# Exercise requirements
Transcribe the listing in full, excluding any pictures.

BEGIN

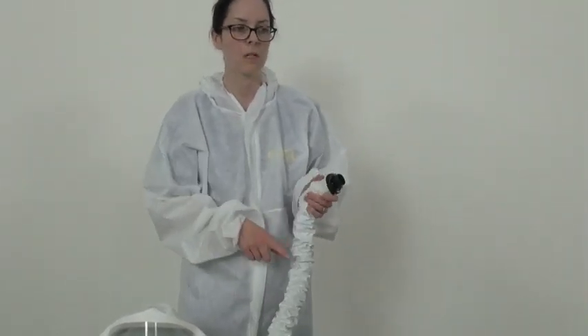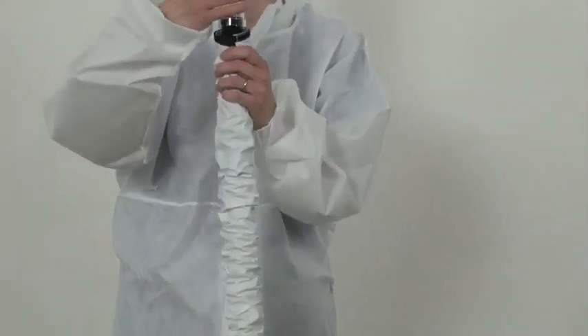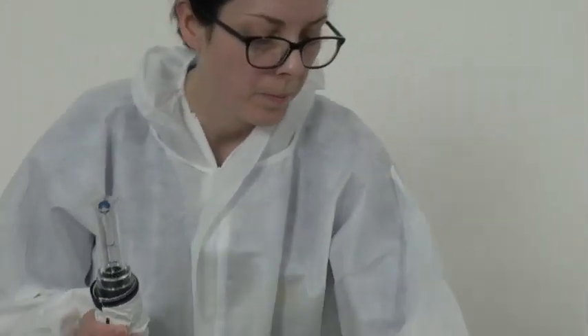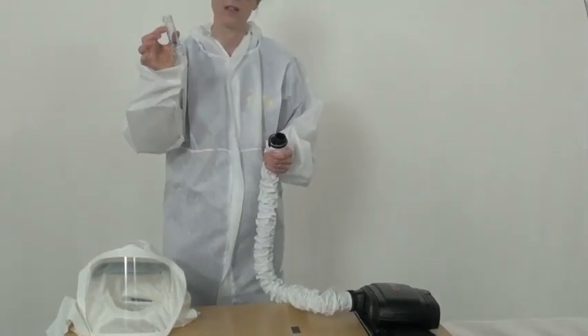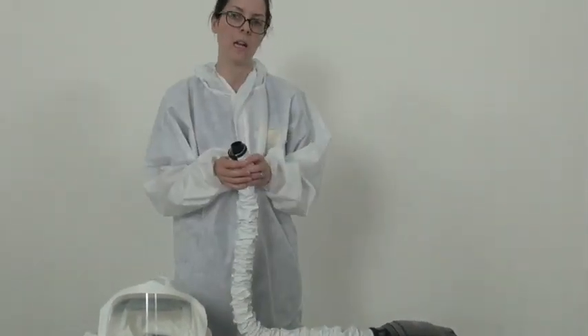With the pump still operating in low flow, connect the flow meter in a vertical position and ensure the ball is above the indication line. Switch off pump and remove flow meter, returning to designated storage area or clinical equipment library.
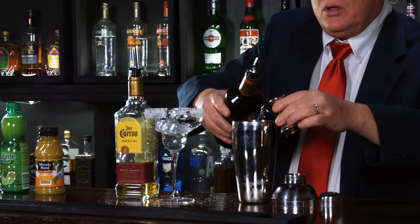Hello, The Donald here. Today we're going to make a drink that's named after a nickname I gave Ivanka when she was a little girl: Trump Arena.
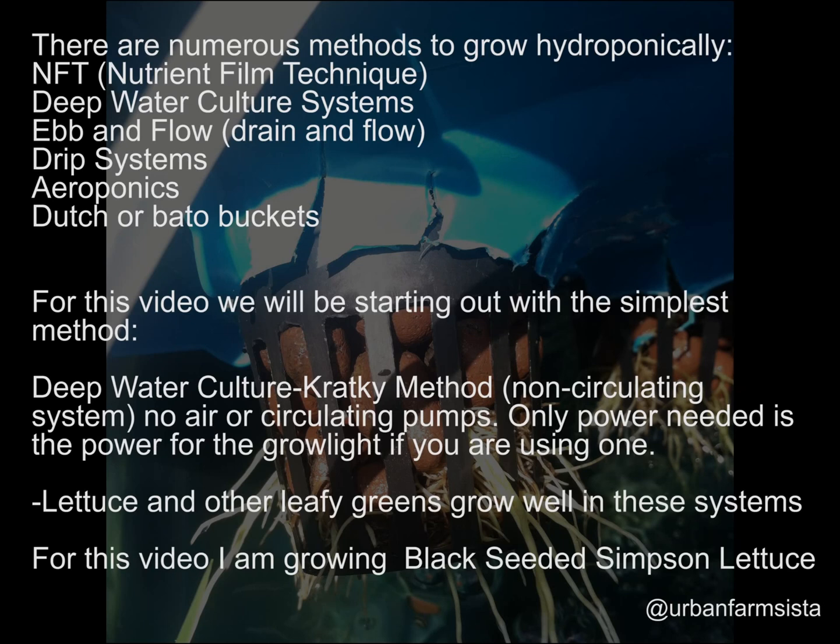There are numerous methods to grow hydroponically. Examples include NFT — nutrient film technique — deep water culture systems, ebb and flow, drip systems, aeroponics, and the use of Dutch or bato buckets. For this video, we'll start out with the simplest method, which is deep water culture.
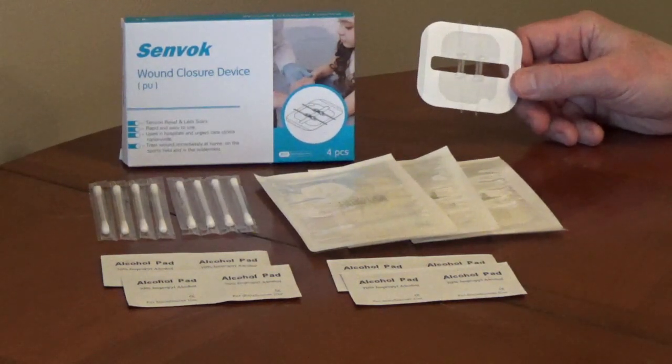Cover with a sterile gauze pad and leave on for a maximum of seven days. This type of bandage eliminates the need for stitches for small cuts, and it helps protect the cut from movement, reducing scarring.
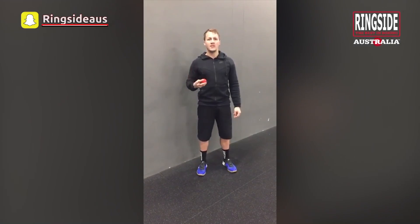Hey everybody, Coach Mike here. Welcome to the last video in our mobility series. Today we're going to focus on the hips.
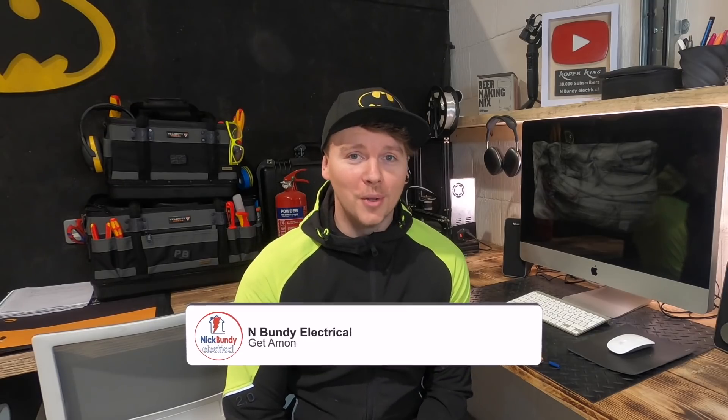Yo, welcome back. Thank you all that have subscribed recently. I've had an absolute massive surge of about 6,000 subs, so nearly 40,000. Probably by the time this comes out, it will be 40,000. I appreciate it all, thank you very much. But if you haven't already, please do subscribe and like and comment and all that sort of stuff.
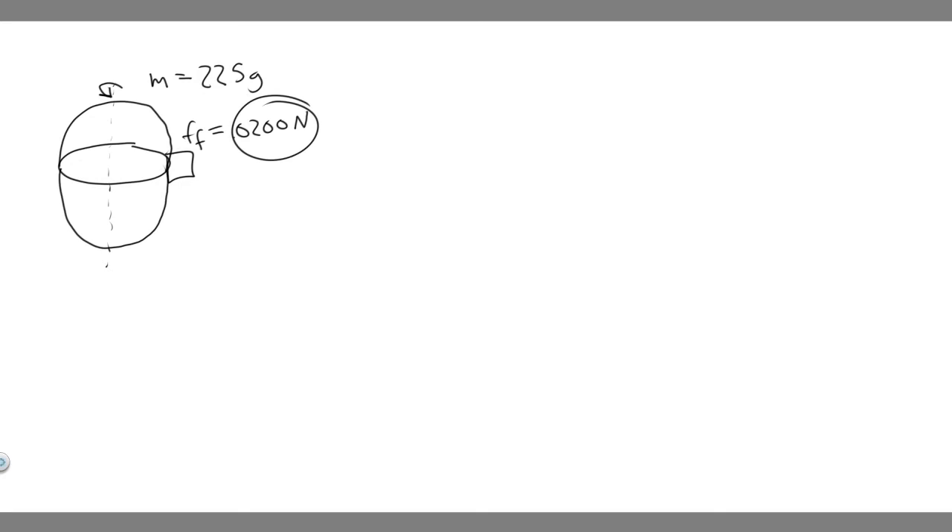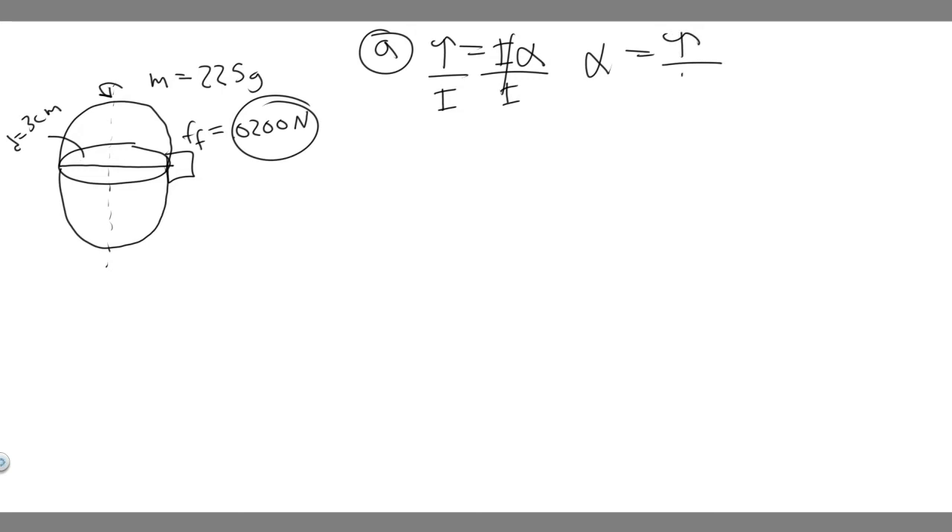We know the mass, and we're also told the diameter, which is 3 centimeters. We're given a bunch of things and we're trying to solve for part A — the angular acceleration. When they give us mass and diameter, they're talking about inertia, because you can solve for inertia using radius and mass. And we're given a force, which means we can calculate the torque. Since torque equals I·alpha, the angular acceleration is just the torque divided by the inertia.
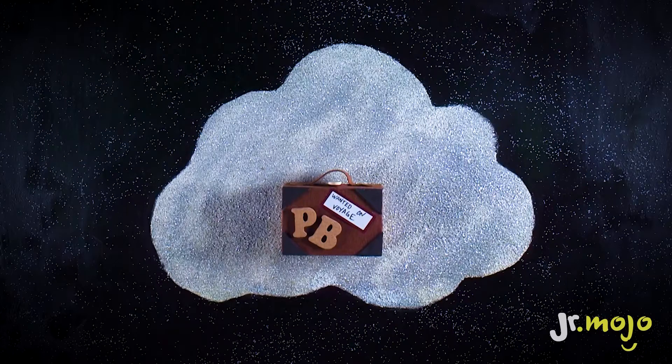Perfect! Paddington's suitcase. Now he can go on amazing adventures. What should the Crafty Cloud make next? Tell us in the comments below.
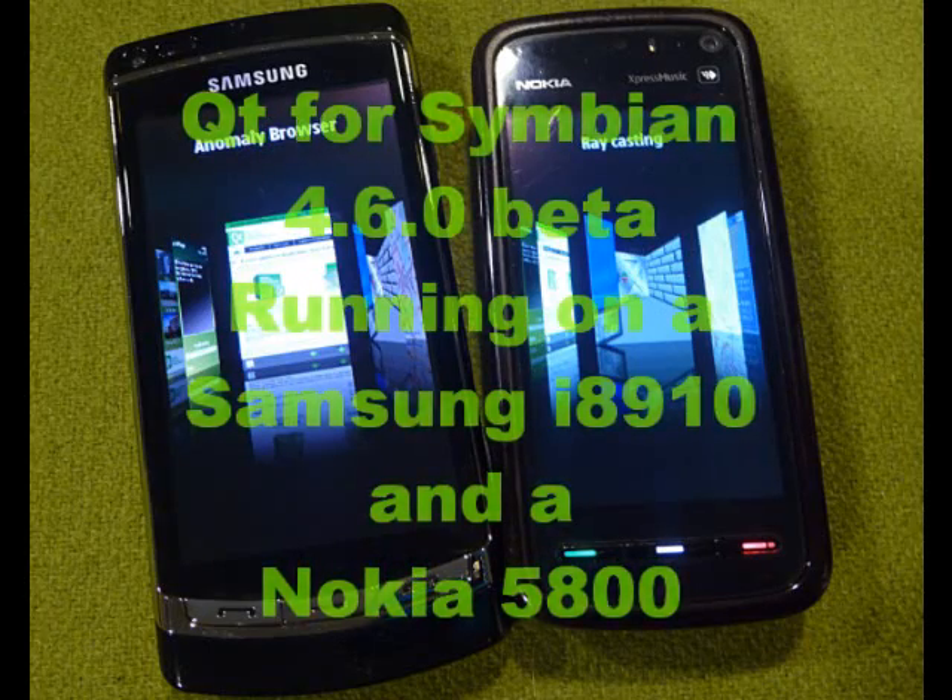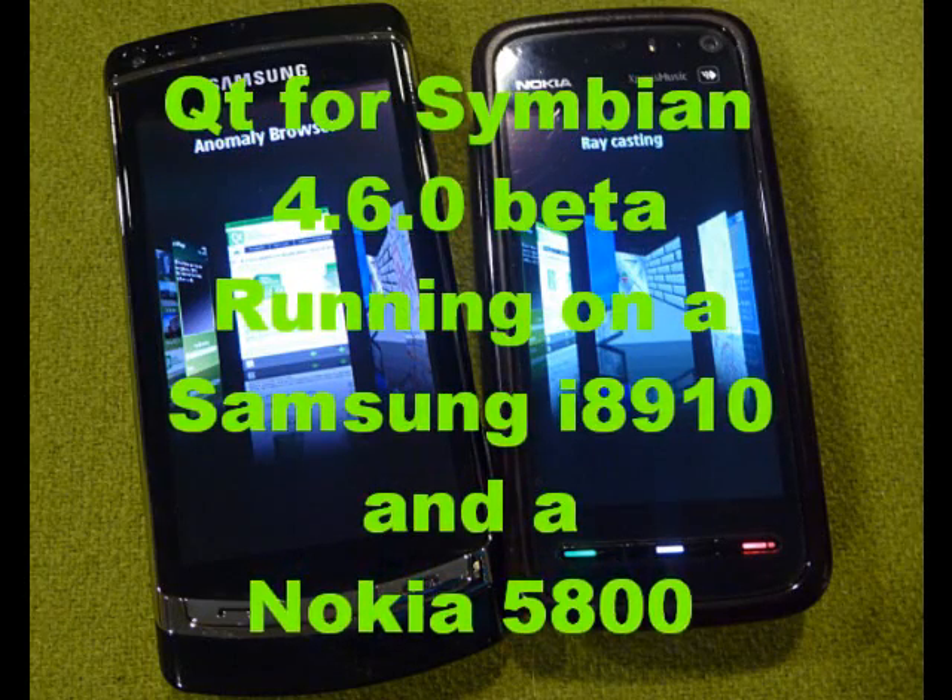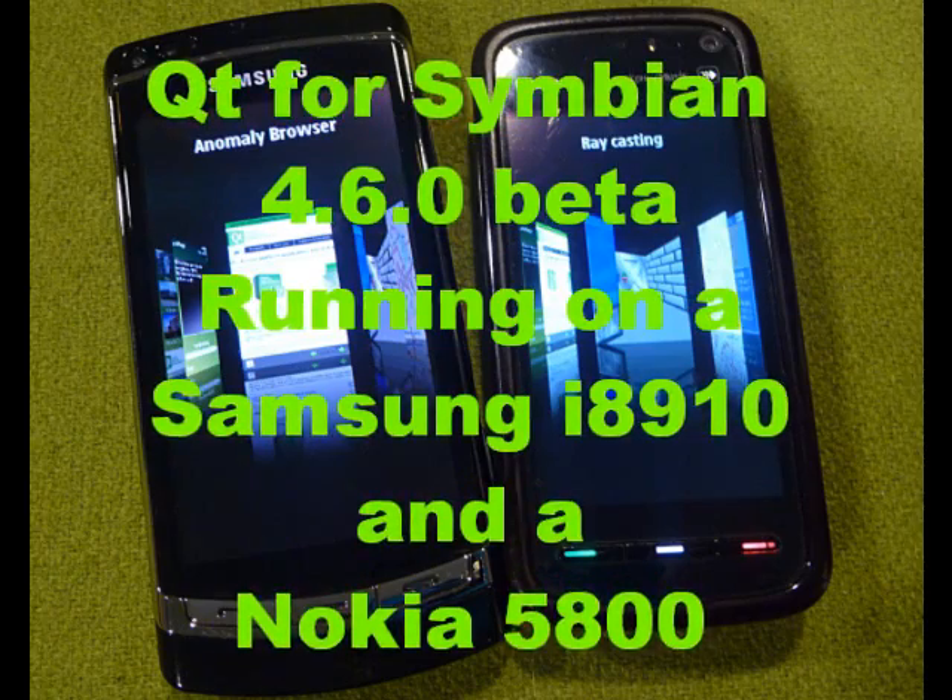Hi! Let's have a look at some of the new demos we've added for the Qt 4.60 Beta. We show them running on a Samsung i8910 and a Nokia 5800.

END

# Your solution
With the pump still operating in low flow, connect the flow meter in a vertical position and ensure the ball is above the indication line. Switch off pump and remove flow meter, returning to designated storage area or clinical equipment library.
Hello, The Donald here. Today we're going to make a drink that's named after a nickname I gave Ivanka when she was a little girl: Trump Arena.
There are numerous methods to grow hydroponically. Examples include NFT — nutrient film technique — deep water culture systems, ebb and flow, drip systems, aeroponics, and the use of Dutch or bato buckets. For this video, we'll start out with the simplest method, which is deep water culture.
Cover with a sterile gauze pad and leave on for a maximum of seven days. This type of bandage eliminates the need for stitches for small cuts, and it helps protect the cut from movement, reducing scarring.
Hey everybody, Coach Mike here. Welcome to the last video in our mobility series. Today we're going to focus on the hips.
Yo, welcome back. Thank you all that have subscribed recently. I've had an absolute massive surge of about 6,000 subs, so nearly 40,000. Probably by the time this comes out, it will be 40,000. I appreciate it all, thank you very much. But if you haven't already, please do subscribe and like and comment and all that sort of stuff.
We know the mass, and we're also told the diameter, which is 3 centimeters. We're given a bunch of things and we're trying to solve for part A — the angular acceleration. When they give us mass and diameter, they're talking about inertia, because you can solve for inertia using radius and mass. And we're given a force, which means we can calculate the torque. Since torque equals I·alpha, the angular acceleration is just the torque divided by the inertia.
Perfect! Paddington's suitcase. Now he can go on amazing adventures. What should the Crafty Cloud make next? Tell us in the comments below.
Hi! Let's have a look at some of the new demos we've added for the Qt 4.60 Beta. We show them running on a Samsung i8910 and a Nokia 5800.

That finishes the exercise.